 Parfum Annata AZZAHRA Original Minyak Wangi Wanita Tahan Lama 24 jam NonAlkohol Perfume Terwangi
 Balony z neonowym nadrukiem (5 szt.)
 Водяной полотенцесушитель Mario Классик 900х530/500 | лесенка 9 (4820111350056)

§

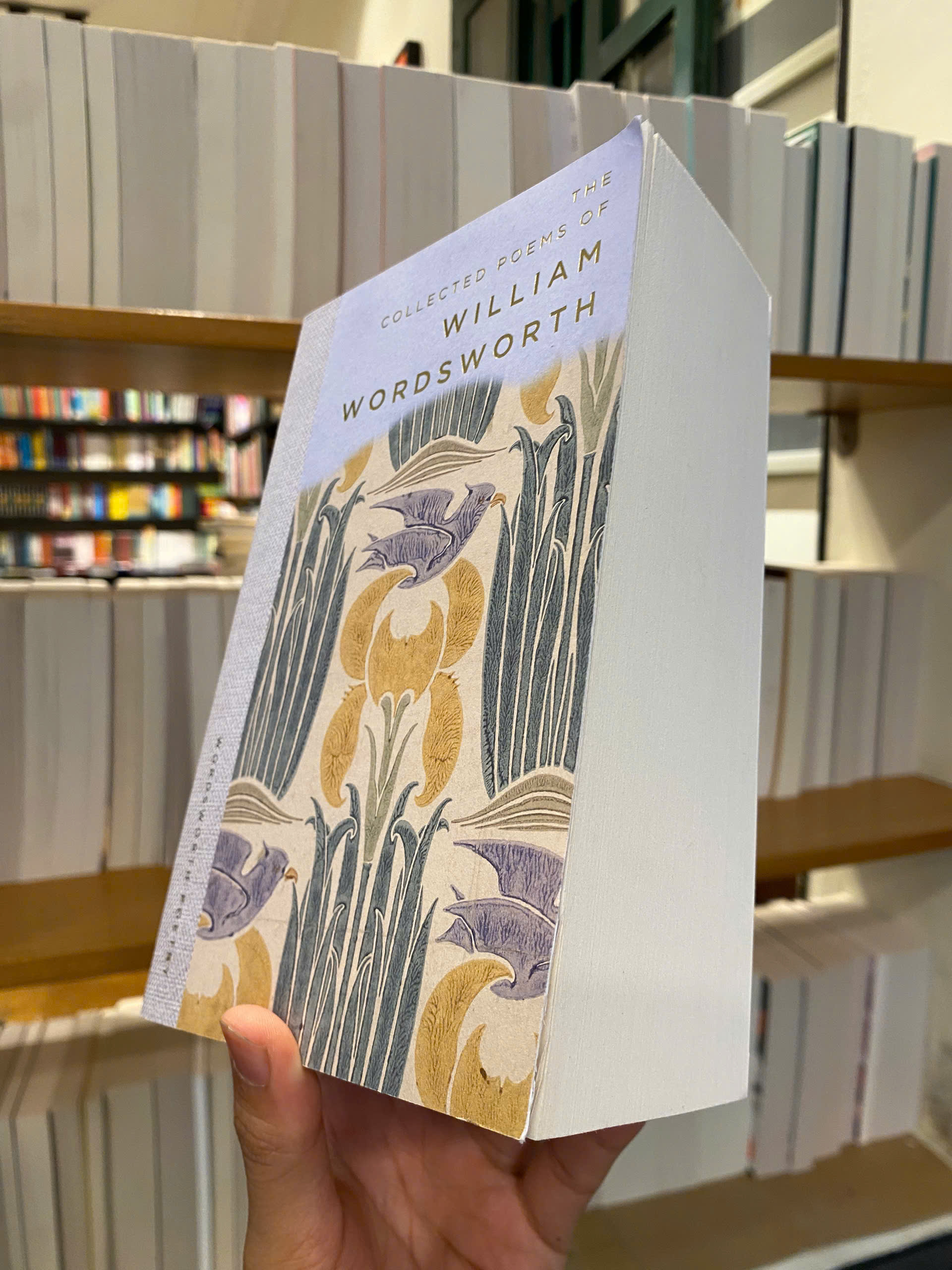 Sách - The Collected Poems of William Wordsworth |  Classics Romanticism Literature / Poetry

§

■ DIRECTIONS FOR THIS TASK: Retype only this portion of the data above: the line containing "Parfum Annata AZZAHRA", the line containing "Водяной полотенцесушитель Mario", and all lines between them, exactly.

■ REPLY:
 Parfum Annata AZZAHRA Original Minyak Wangi Wanita Tahan Lama 24 jam NonAlkohol Perfume Terwangi
 Balony z neonowym nadrukiem (5 szt.)
 Водяной полотенцесушитель Mario Классик 900х530/500 | лесенка 9 (4820111350056)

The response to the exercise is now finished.